== To do ==
All that is needed is every line of the listing below that has "carati".

== Data to process ==
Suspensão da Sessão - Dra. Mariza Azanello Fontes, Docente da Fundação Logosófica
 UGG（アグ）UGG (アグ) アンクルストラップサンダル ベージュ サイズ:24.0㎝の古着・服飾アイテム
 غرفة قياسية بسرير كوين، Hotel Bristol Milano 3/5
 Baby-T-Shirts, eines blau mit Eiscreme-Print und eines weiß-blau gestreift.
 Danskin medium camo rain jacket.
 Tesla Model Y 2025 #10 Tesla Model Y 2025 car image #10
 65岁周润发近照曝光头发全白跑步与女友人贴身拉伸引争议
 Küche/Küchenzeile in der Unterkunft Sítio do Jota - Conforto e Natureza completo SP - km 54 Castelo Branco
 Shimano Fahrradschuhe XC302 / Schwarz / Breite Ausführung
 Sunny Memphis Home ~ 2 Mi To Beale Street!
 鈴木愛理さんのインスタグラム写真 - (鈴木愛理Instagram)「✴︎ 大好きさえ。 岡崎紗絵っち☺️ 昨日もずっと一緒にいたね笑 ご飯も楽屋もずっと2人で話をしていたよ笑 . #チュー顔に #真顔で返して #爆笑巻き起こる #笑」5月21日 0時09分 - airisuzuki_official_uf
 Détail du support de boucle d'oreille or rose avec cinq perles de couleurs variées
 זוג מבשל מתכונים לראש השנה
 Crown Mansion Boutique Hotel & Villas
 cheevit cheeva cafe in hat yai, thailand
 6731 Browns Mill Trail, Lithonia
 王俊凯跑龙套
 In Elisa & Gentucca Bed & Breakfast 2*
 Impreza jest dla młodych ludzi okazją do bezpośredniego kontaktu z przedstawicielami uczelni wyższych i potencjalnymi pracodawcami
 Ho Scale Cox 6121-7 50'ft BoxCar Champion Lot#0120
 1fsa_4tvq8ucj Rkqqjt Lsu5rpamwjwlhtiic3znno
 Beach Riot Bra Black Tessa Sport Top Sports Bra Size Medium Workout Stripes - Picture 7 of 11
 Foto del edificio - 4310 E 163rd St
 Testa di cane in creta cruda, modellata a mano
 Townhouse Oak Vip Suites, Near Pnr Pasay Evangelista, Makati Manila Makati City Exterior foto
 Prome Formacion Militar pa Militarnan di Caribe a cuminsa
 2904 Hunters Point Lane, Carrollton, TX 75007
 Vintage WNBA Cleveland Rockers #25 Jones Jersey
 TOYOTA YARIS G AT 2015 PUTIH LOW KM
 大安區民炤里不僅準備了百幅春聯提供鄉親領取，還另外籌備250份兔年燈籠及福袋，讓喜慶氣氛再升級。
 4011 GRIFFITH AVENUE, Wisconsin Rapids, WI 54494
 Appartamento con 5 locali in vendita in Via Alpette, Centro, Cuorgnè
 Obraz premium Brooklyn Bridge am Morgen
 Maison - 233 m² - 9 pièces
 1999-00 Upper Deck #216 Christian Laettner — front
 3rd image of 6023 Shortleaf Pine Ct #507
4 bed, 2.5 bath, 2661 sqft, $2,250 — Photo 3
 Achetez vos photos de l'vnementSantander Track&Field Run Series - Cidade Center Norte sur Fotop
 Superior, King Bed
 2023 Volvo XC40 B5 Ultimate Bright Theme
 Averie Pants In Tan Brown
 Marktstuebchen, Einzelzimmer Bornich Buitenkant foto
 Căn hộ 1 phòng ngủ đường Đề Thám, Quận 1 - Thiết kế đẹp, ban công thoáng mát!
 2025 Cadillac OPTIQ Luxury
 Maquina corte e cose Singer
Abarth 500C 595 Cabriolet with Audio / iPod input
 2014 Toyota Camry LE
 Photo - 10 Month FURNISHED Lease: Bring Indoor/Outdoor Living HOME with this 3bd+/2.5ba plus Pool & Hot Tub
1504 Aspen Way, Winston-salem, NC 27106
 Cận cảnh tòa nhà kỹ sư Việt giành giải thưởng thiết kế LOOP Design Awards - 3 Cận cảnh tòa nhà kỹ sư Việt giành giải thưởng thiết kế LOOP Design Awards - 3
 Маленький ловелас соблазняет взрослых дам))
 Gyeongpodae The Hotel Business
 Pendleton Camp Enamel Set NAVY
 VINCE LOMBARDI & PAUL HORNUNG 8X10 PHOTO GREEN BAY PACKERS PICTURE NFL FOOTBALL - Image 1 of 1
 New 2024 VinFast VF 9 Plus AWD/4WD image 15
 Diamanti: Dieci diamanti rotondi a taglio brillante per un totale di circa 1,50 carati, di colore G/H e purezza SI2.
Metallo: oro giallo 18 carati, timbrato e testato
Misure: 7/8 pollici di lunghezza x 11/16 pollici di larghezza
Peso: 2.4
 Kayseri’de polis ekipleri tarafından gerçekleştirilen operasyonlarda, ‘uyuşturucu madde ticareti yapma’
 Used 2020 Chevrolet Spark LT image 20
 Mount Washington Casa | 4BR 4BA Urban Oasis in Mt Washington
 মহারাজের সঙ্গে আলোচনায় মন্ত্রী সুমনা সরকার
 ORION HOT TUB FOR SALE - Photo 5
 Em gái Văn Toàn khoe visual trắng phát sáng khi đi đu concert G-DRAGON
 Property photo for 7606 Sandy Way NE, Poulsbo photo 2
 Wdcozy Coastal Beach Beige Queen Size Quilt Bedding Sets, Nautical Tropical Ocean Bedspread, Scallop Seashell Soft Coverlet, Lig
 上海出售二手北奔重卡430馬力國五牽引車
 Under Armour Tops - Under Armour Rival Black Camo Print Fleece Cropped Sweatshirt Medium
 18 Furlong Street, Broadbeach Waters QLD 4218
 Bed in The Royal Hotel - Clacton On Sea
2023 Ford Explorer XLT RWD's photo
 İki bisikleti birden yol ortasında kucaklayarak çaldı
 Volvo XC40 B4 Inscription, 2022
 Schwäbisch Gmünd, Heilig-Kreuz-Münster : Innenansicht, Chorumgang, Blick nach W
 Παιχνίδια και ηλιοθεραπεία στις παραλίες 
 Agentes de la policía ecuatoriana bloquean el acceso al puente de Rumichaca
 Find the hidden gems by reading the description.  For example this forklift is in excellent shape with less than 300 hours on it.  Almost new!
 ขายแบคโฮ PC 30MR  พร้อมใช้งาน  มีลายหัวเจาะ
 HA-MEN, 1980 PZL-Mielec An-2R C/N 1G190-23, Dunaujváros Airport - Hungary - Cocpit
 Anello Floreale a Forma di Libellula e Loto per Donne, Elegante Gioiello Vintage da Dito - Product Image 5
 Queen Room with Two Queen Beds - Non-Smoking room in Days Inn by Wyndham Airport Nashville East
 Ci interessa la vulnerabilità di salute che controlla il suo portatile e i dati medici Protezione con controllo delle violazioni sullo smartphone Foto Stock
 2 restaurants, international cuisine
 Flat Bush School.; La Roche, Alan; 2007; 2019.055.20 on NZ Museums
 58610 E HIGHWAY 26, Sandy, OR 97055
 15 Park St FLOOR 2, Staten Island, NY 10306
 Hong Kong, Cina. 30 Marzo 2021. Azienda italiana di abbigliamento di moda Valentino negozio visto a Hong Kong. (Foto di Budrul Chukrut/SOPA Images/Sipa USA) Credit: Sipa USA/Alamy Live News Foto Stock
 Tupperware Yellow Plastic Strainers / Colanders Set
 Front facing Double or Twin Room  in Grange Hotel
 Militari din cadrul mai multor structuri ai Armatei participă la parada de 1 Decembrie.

== Exercise answer ==
 Diamanti: Dieci diamanti rotondi a taglio brillante per un totale di circa 1,50 carati, di colore G/H e purezza SI2.
Metallo: oro giallo 18 carati, timbrato e testato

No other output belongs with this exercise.